(Captioned web images)
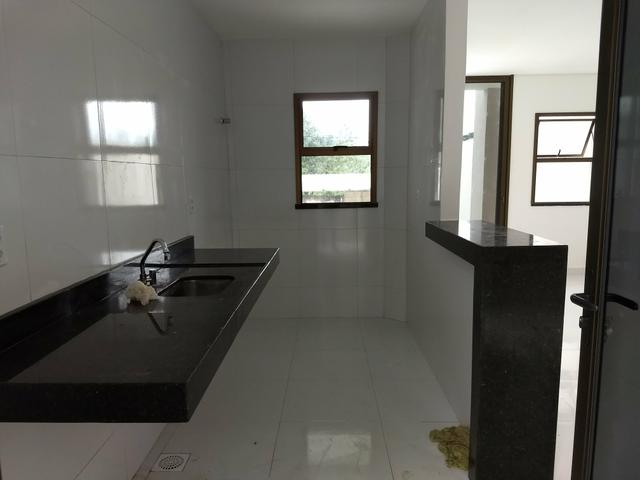 Casas com 4 quartos em avenida no Eusébio, 200 da CE 040 - Foto 11
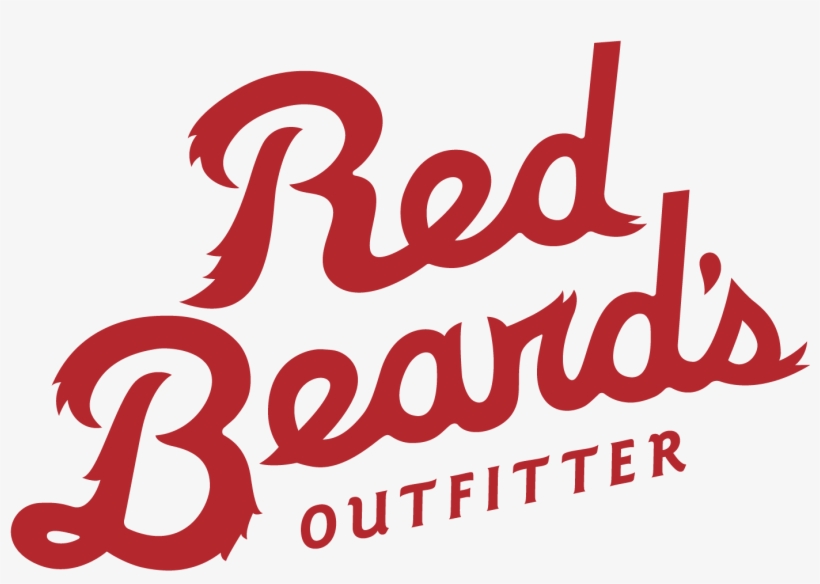 Logo, transparent png download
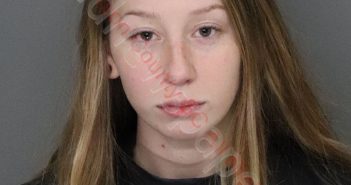 LACIE <B>MEGAN</B> MULLINAX #, <b>Anderson</b> County, South Carolina, Anderson County, South Carolina - 2020-01-23 05:32:00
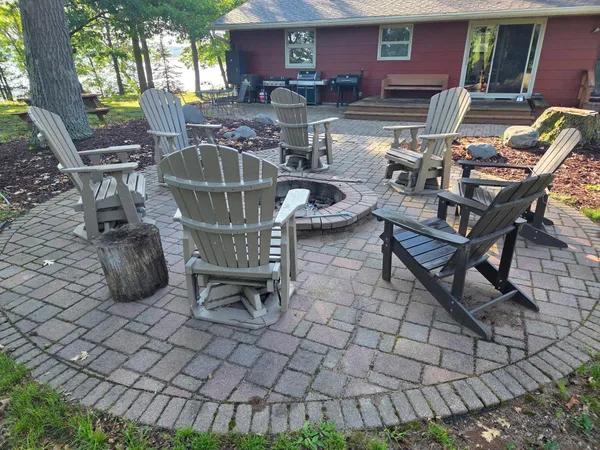 $599,900 | W5536 Yellowsands Drive, Spooner, WI 54801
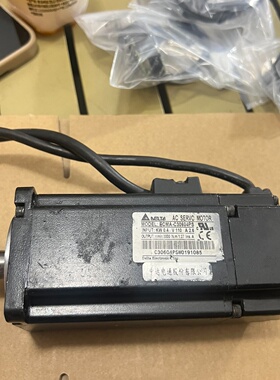 【议价】ECMAC30604PS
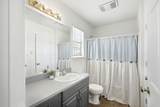 403 Anderson Ave - Photo 16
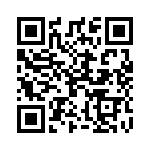 1825200-2 QRCode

→ **REQUIREMENT**
Return the full set of lines above word for word and with no pictures.

→ **OUTPUT OF THE TASK**
 Casas com 4 quartos em avenida no Eusébio, 200 da CE 040 - Foto 11
 Logo, transparent png download
 LACIE <B>MEGAN</B> MULLINAX #, <b>Anderson</b> County, South Carolina, Anderson County, South Carolina - 2020-01-23 05:32:00
 $599,900 | W5536 Yellowsands Drive, Spooner, WI 54801
 【议价】ECMAC30604PS
 403 Anderson Ave - Photo 16
 1825200-2 QRCode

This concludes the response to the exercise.